Maternity, however, comes to be with labour pains—hopeful yearnings that they are—for a child that is unseen but is expectantly awaited for. Through maternity one grows up in faith and love to become mother. The moment of birth is when maternity is most fully realized: a child's birth is also the birth into motherhood for the one who bears. Christmas is therefore Mary’s anointed time to be Mother to Jesus, God-with-us. Don't our hopes for Jesus to be born into our lives at Christmas give expression to the spiritual maternity Jesus is inviting us to?
The groans of Creation for the glory of God’s revelation to our broken world are also maternal. At Jesus’ birth, the fulfillment of his mother’s long wait echoes Creation’s longer wait for the Saviour to come to re-create out of a lost, wasted and barren garden the new Eden that will be lush, bountiful and holy again. Truly, Mary’s assent brings Jesus into Creation to perfect it.
At the moment of the Saviour’s birth, then, all Creation finally finds its voice, silenced for so long by sin and strife. Now Creation can join the heavenly throng to joyously proclaim, “Glory to God in the highest and peace to all on earth.”

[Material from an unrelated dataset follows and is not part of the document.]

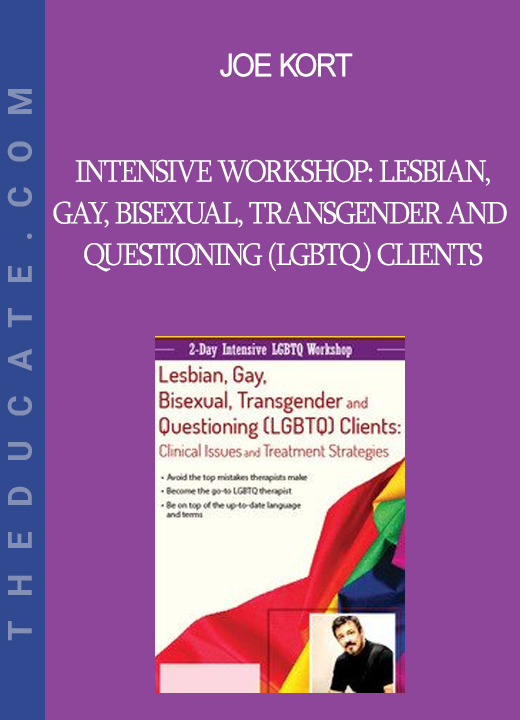 Joe Kort - Intensive Workshop: Lesbian Gay Bisexual Transgender and Questioning (LGBTQ) Clients: Clinical Issues and Treatment Services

Today’s world also awaits our assent to “give birth” to Jesus in our lives. It waits because it looks to us to help renew the face of the earth in companionship with Jesus.
At this Christmas time, let us remember then that all of Creation can come alive again in friendship with the Emmanuel, God-with-us. And for this, Creation does indeed wait for us to say, “yes,” like Mary did, to God to bear Jesus into our lives for the good of the world.